La ventana estaba abierta. La ventana estaba abierta y dejaba entrar el aire; quizás lo dejaba salir también. Sentada desde la orilla de la cama veía el intercambio de partículas de polvo entre ambos universos: el mío y todo lo que cupiera del otro lado de la ventana. También había luz.
Desde algún ángulo, las estrellas de polvo se distinguían suspendidas entre el ir y venir del eterno viaje minuscular, y sentí paz. A merced de una fuerza gravitacional, el polvo de luz flotaba dejando fluir el camino no planeado que, el viento que salía -o entraba- llevaba a su paso.
Desde aquí, desde lo alto, no se escucha nada ni nadie, y no lo necesito: tengo mi ventana; portal de quietud y de travesía infinita sostenida por materia invisible, partículas de todos lados hacia ningún lugar.
La cortina blanca estaba corrida a la mitad y en algún punto del día su sombra dividía el cuarto en dos. Me moví sobre las sábanas buscando la luz.

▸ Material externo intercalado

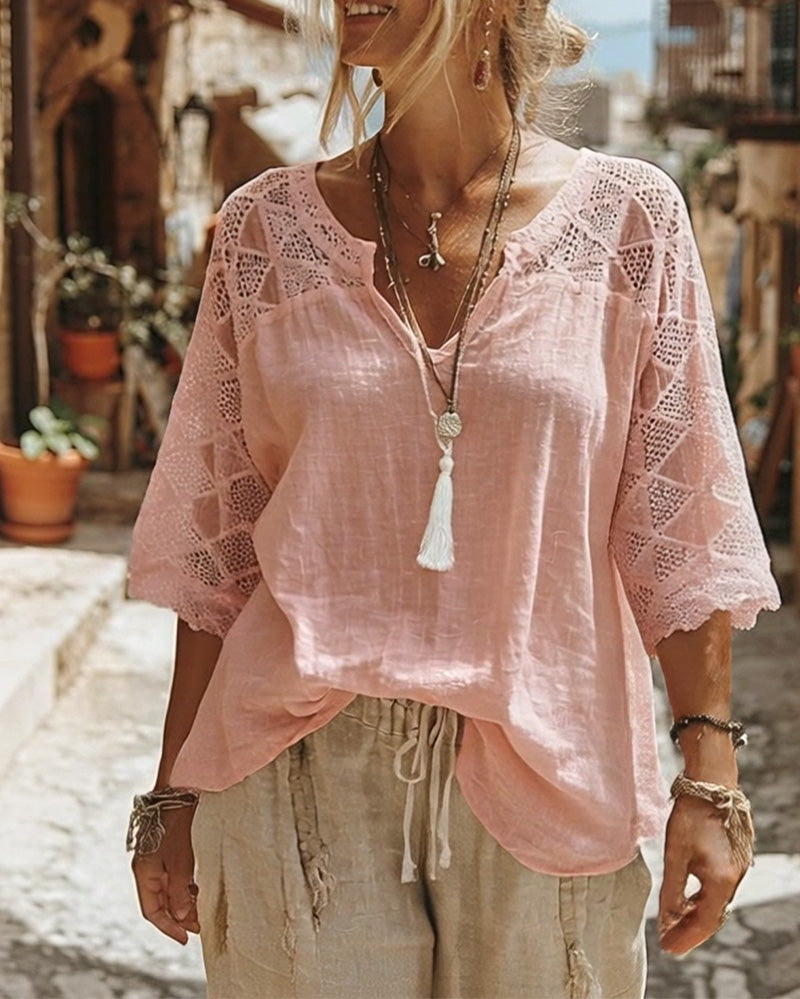 Blouse met V-hals en Kantdetails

La luz y el sosiego.
Pensé que quizás, cuando las estrellas se apagan, cuando pierden fuerza, se caen y buscan refugio entre nosotros. Abriéndose paso entre el olvido, disfrazándose por el mundo para poder llegar a alguna ventana y volar y brillar de nuevo. Aunque sea por un momento.

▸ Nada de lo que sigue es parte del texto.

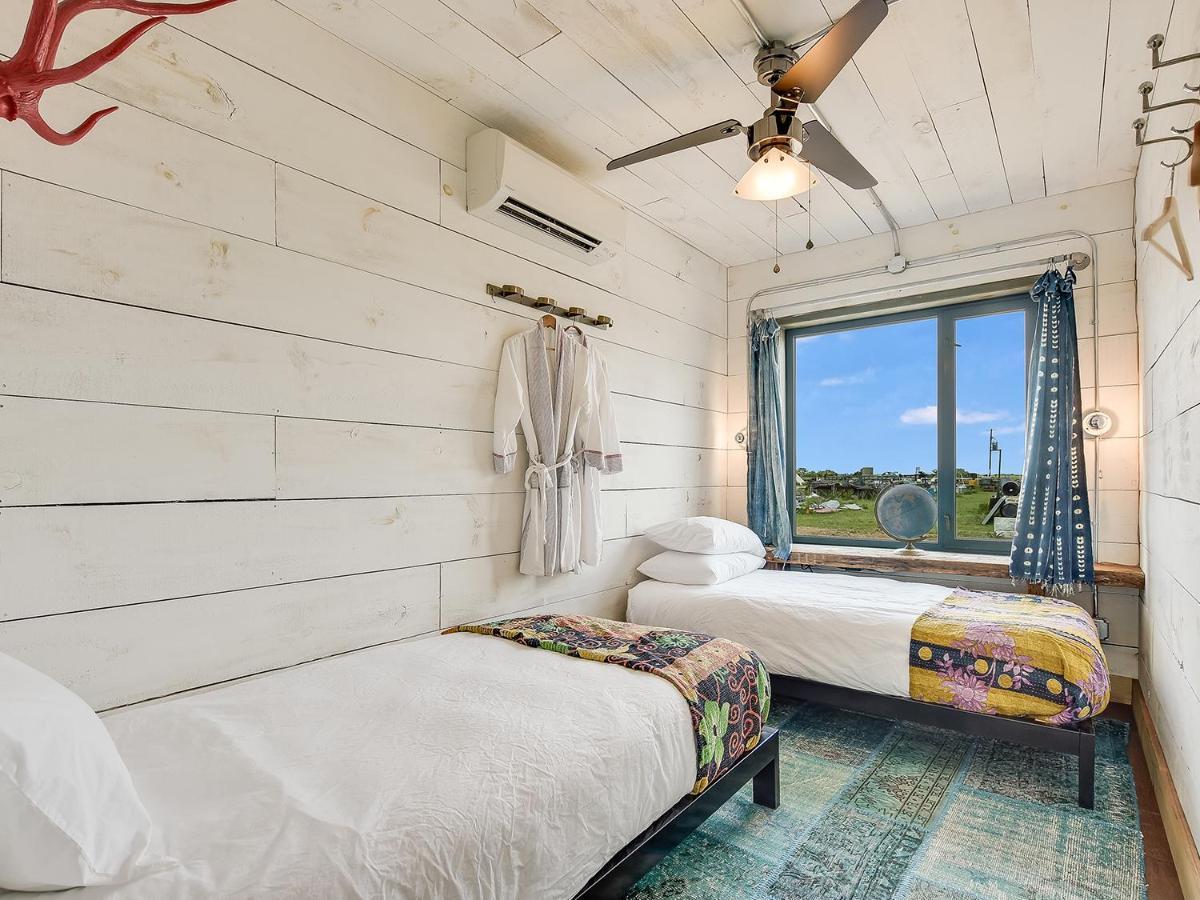 Flophouze Shipping Container Hotel Round Top エクステリア 写真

O quizás, lo que para muchos son minucias invisibles, sea el rastro del suspiro por alguien y busque llegar a ella para escabullirse en un respiro y hacerle recordar.
Apoyé los pies sobre el piso y me acerqué hacia la danza diminuta del marco de mi ventana. Quizás, si salía al otro universo, yo sería estrella y podría volar y brillar por siempre a través de mi ventana. Aunque fuera por un momento.